Special Arrangement The Dalai Lama’s Cat: A Novel; David Michie; Hay House, Rs.399.

Buddhism’s ageless tenets are condensed in a deceptively light-hearted manner.

The Buddha wasn’t kidding when he propounded his “universal” truths. He evidently never intended to restrict his wisdom to humans alone. Really, if you have a mind, a body and a psyche full of emotional detritus (and a coat of vanity-stoking fur around your gluttonously-distended belly for added measure) Buddhism will hit just the spot.

Just ask HHC — His Holiness (the Dalai Lama)’s Cat — resident pet at Jokhang Monastery in Mcleod Ganj. Better yet, read Her eponymous novella, The Dalai Lama’s Cat, penned mysteriously under the pseudonym of ‘David Michie’ (who, incidentally, a simple Google search reveals, is quite the prolific writer on Buddhism and enlightenment himself).

The book’s tone is deceptive. It’s light-hearted, but in dead earnest. Prima facie, you have a cat giving an autobiographical account of her life as she hobnobs with the Dalai Lama and other concomitant holy beings and celebrities. So, there is the risk that you will be lulled into thinking it a fun but frivolous book and put it down, chastising yourself for not picking up a more serious treatise on Buddhism.

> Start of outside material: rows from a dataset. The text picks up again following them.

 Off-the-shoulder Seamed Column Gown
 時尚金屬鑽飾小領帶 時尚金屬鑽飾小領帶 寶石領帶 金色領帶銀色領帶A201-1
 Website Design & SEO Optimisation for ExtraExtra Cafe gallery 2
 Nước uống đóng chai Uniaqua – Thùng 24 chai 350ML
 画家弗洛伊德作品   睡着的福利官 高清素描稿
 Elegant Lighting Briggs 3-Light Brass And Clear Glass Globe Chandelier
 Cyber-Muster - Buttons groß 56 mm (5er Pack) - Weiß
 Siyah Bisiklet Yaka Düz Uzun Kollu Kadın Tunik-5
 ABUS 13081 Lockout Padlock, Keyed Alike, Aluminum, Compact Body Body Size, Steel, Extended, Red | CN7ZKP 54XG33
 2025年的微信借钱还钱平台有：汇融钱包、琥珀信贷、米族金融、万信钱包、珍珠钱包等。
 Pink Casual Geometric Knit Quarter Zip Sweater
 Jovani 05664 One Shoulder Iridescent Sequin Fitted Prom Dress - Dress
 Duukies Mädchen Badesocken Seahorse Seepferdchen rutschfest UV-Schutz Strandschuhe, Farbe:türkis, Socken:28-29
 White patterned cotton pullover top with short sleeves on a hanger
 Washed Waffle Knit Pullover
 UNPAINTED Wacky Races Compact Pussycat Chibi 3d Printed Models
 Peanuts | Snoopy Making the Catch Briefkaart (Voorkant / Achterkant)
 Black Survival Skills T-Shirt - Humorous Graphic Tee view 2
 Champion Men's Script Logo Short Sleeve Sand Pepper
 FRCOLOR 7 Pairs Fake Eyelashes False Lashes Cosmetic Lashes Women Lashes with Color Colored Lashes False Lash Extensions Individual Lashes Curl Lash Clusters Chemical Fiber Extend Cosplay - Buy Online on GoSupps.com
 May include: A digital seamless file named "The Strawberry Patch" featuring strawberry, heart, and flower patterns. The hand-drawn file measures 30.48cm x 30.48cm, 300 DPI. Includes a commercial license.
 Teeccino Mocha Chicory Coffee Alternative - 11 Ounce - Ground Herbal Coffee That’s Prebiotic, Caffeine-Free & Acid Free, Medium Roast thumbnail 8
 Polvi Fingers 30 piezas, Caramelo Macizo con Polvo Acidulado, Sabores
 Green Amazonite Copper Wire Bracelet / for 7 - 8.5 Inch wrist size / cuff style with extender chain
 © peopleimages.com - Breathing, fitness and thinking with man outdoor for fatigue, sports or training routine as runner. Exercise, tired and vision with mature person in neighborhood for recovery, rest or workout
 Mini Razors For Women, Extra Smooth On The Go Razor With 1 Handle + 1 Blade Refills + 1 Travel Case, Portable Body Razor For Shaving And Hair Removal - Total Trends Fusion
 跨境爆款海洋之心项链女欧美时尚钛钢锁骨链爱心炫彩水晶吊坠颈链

Hold it, though. The Dalai Lama’s Cat condenses all the ageless tenets of Buddhism you will need into 200-odd pages narrated by an aspiring ‘Bodhi-catva’ (along with many more dubious cat-based puns).

The book’s stark message is that if you can be like a cat, with a spirit that wants to roam and observe, transact love amongst your fellow earth-walkers, and be open to lessons that are ever being doled out by the lives around you, that is a life well lived. Armed with Her feline adorability, HHC is a welcome guest at any nook of the monastery and its surrounding regions. She is privy to the most confidential audiences His Holiness grants persons in high places (though She isn’t one to shamelessly name-drop aside from giving the most telling hints as to their identity!) within His private chambers. The more you are able to identify yourself with HHC, the closer you yourself feel to the Dalai Lama’s compassionate persona.

Be it with respect to Her gluttonous proclivity for diced chicken liver, or Her evolutionary but vain urge to preen Herself, or Her jealousy towards an interloping rival pet, HHC’s self-criticality and cathartic revelations present the reader with relevant solutions for their own flaws and dilemmas. She confronts all Her demons — gluttony, vanity, ignorance of Self, envy, lust, pride — and manages to hobble her way forward, singed, battered, embarrassed, but tail held endearingly high.

The cast of characters in and around Jokhang serve as case studies too. From an aspiring but superficial Buddhist wannabe and his subsequent transformation, we learn that the true value of spiritual seeking lies in the inner journey and not in external trappings. In a perfectionist who tends to lose her cool in pursuit of the ideal, Michie makes out a case for equanimity and calmness. In an erudite but diffident man, Michie attacks the inhibitions that paralyse one in the pursuit of one’s aspirations and prescribes the cultivation of an unshakeable self-confidence.

But I’ve said too much already. As the Dalai Lama says in the book, “Meditation does not belong to Buddhists… Perhaps you can try?” Feel free to try this at home.